Guerrero grunted once and a pile of schoolbooks plopped out.

Soon, García was appalled to see Guerrero’s parents and boyhood friends. Their cries were puny and heartrending when Casan ate them. And naked women! Good God! He didn’t know Guerrero had mounted so many naked women! He looked carefully — they came out in a parade of breasts and asses, small legs waving. He couldn’t bear it. He couldn’t bear his own lust and his own hunger, and he couldn’t bear Casan’s insatiable mouth, and he couldn’t bear his own loneliness. If he had tried to make love to them, he would have torn them apart.

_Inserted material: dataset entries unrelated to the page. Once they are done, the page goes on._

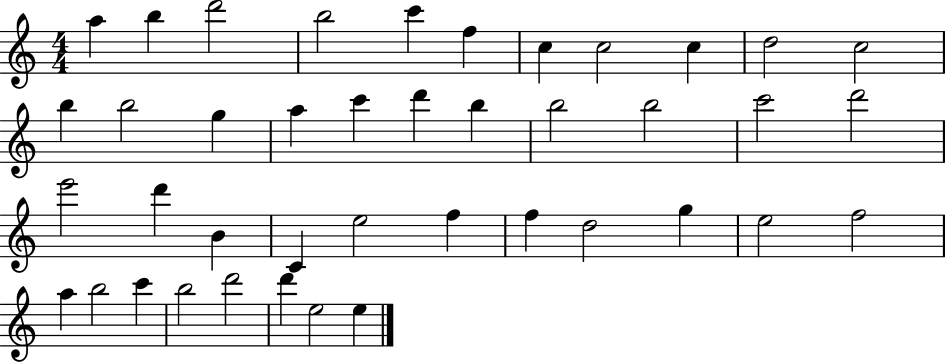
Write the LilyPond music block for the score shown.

{
  \clef treble
  \numericTimeSignature
  \time 4/4
  \key c \major
  a''4 b''4 d'''2 | b''2 c'''4 f''4 | c''4 c''2 c''4 | d''2 c''2 | \break b''4 b''2 g''4 | a''4 c'''4 d'''4 b''4 | b''2 b''2 | c'''2 d'''2 | \break e'''2 d'''4 b'4 | c'4 e''2 f''4 | f''4 d''2 g''4 | e''2 f''2 | \break a''4 b''2 c'''4 | b''2 d'''2 | d'''4 e''2 e''4 | \bar "|."
}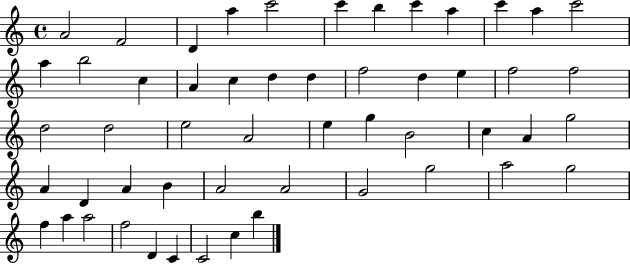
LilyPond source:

{
  \clef treble
  \time 4/4
  \defaultTimeSignature
  \key c \major
  a'2 f'2 | d'4 a''4 c'''2 | c'''4 b''4 c'''4 a''4 | c'''4 a''4 c'''2 | \break a''4 b''2 c''4 | a'4 c''4 d''4 d''4 | f''2 d''4 e''4 | f''2 f''2 | \break d''2 d''2 | e''2 a'2 | e''4 g''4 b'2 | c''4 a'4 g''2 | \break a'4 d'4 a'4 b'4 | a'2 a'2 | g'2 g''2 | a''2 g''2 | \break f''4 a''4 a''2 | f''2 d'4 c'4 | c'2 c''4 b''4 | \bar "|."
}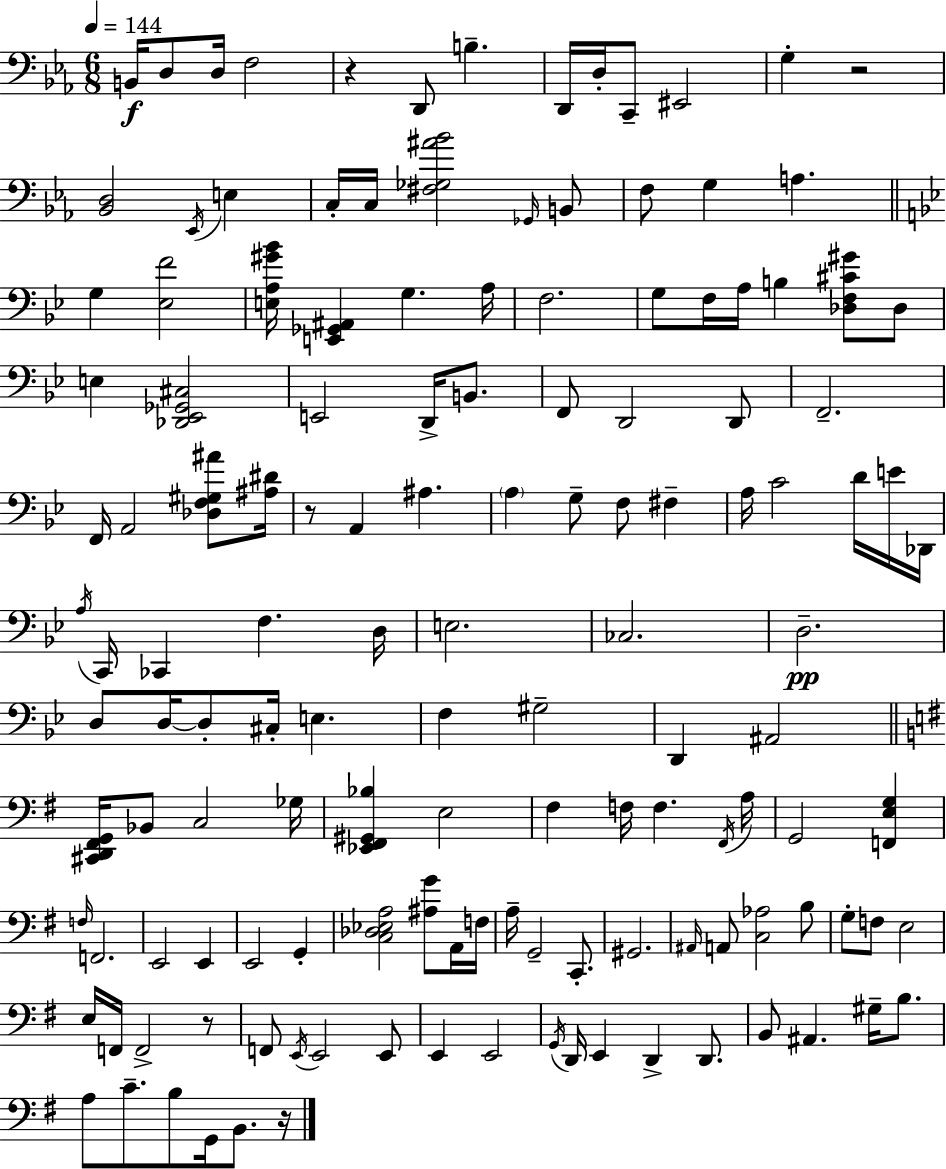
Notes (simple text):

B2/s D3/e D3/s F3/h R/q D2/e B3/q. D2/s D3/s C2/e EIS2/h G3/q R/h [Bb2,D3]/h Eb2/s E3/q C3/s C3/s [F#3,Gb3,A#4,Bb4]/h Gb2/s B2/e F3/e G3/q A3/q. G3/q [Eb3,F4]/h [E3,A3,G#4,Bb4]/s [E2,Gb2,A#2]/q G3/q. A3/s F3/h. G3/e F3/s A3/s B3/q [Db3,F3,C#4,G#4]/e Db3/e E3/q [Db2,Eb2,Gb2,C#3]/h E2/h D2/s B2/e. F2/e D2/h D2/e F2/h. F2/s A2/h [Db3,F3,G#3,A#4]/e [A#3,D#4]/s R/e A2/q A#3/q. A3/q G3/e F3/e F#3/q A3/s C4/h D4/s E4/s Db2/s A3/s C2/s CES2/q F3/q. D3/s E3/h. CES3/h. D3/h. D3/e D3/s D3/e C#3/s E3/q. F3/q G#3/h D2/q A#2/h [C#2,D2,F#2,G2]/s Bb2/e C3/h Gb3/s [Eb2,F#2,G#2,Bb3]/q E3/h F#3/q F3/s F3/q. F#2/s A3/s G2/h [F2,E3,G3]/q F3/s F2/h. E2/h E2/q E2/h G2/q [C3,Db3,Eb3,A3]/h [A#3,G4]/e A2/s F3/s A3/s G2/h C2/e. G#2/h. A#2/s A2/e [C3,Ab3]/h B3/e G3/e F3/e E3/h E3/s F2/s F2/h R/e F2/e E2/s E2/h E2/e E2/q E2/h G2/s D2/s E2/q D2/q D2/e. B2/e A#2/q. G#3/s B3/e. A3/e C4/e. B3/e G2/s B2/e. R/s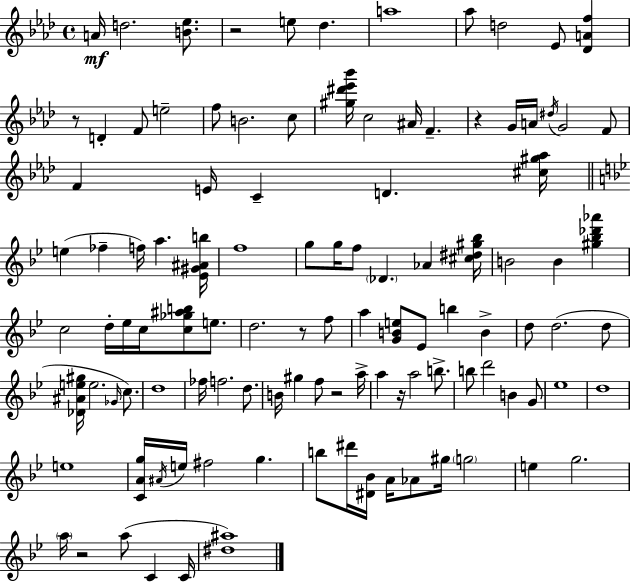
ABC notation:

X:1
T:Untitled
M:4/4
L:1/4
K:Fm
A/4 d2 [B_e]/2 z2 e/2 _d a4 _a/2 d2 _E/2 [_DAf] z/2 D F/2 e2 f/2 B2 c/2 [^g^d'_e'_b']/4 c2 ^A/4 F z G/4 A/4 ^d/4 G2 F/2 F E/4 C D [^c^g_a]/4 e _f f/4 a [_E^G^Ab]/4 f4 g/2 g/4 f/2 _D _A [^c^d^g_b]/4 B2 B [^g_b_d'_a'] c2 d/4 _e/4 c/4 [c_g^ab]/2 e/2 d2 z/2 f/2 a [GBe]/2 _E/2 b B d/2 d2 d/2 [_D^Ae^g]/4 e2 _G/4 c/2 d4 _f/4 f2 d/2 B/4 ^g f/2 z2 a/4 a z/4 a2 b/2 b/2 d'2 B G/2 _e4 d4 e4 [CAg]/4 ^A/4 e/4 ^f2 g b/2 ^d'/4 [^D_B]/4 A/4 _A/2 ^g/4 g2 e g2 a/4 z2 a/2 C C/4 [^d^a]4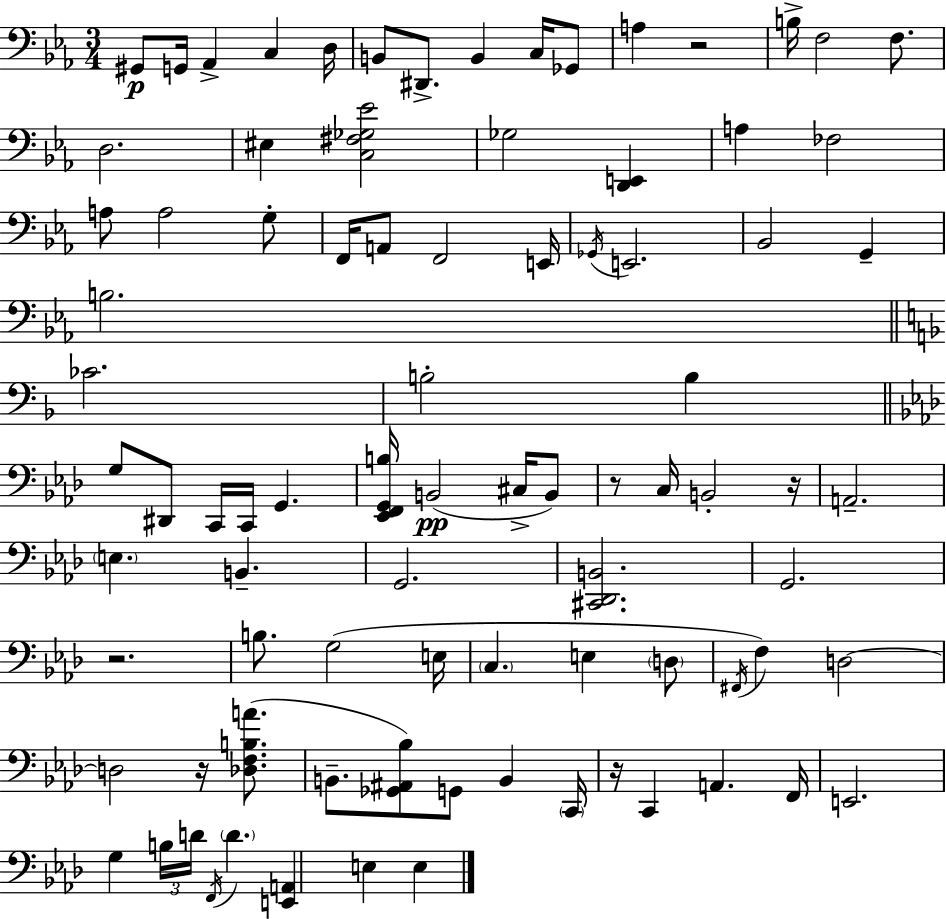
G#2/e G2/s Ab2/q C3/q D3/s B2/e D#2/e. B2/q C3/s Gb2/e A3/q R/h B3/s F3/h F3/e. D3/h. EIS3/q [C3,F#3,Gb3,Eb4]/h Gb3/h [D2,E2]/q A3/q FES3/h A3/e A3/h G3/e F2/s A2/e F2/h E2/s Gb2/s E2/h. Bb2/h G2/q B3/h. CES4/h. B3/h B3/q G3/e D#2/e C2/s C2/s G2/q. [Eb2,F2,G2,B3]/s B2/h C#3/s B2/e R/e C3/s B2/h R/s A2/h. E3/q. B2/q. G2/h. [C#2,Db2,B2]/h. G2/h. R/h. B3/e. G3/h E3/s C3/q. E3/q D3/e F#2/s F3/q D3/h D3/h R/s [Db3,F3,B3,A4]/e. B2/e. [Gb2,A#2,Bb3]/e G2/e B2/q C2/s R/s C2/q A2/q. F2/s E2/h. G3/q B3/s D4/s F2/s D4/q. [E2,A2]/q E3/q E3/q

All these small beings mewled and quickly expired.

It was the worst night of his life. He found himself praying that Guerrero would die. But he didn’t die. And García decided, finally, irrevocably, that he had to leave his friend to his fate. The damage to his own soul would be too great if he sat there any longer watching children, priests, grandmothers, goats, wagons, and toys ooze out of Guerrero’s bloody head and die on the ground. So he put the rope through Casan’s collar, and he tucked Guerrero’s pistol in his own belt, and he put Guerrero’s boots on his own feet, and he made his friend as comfortable as possible.

Birds gathered. First, crows. Then magpies and robins. Finally, gulls came from the coast. They seemed to be praying to Guerrero, for they bowed to him repeatedly. They stayed there and fed on his dreams until they were too heavy to fly.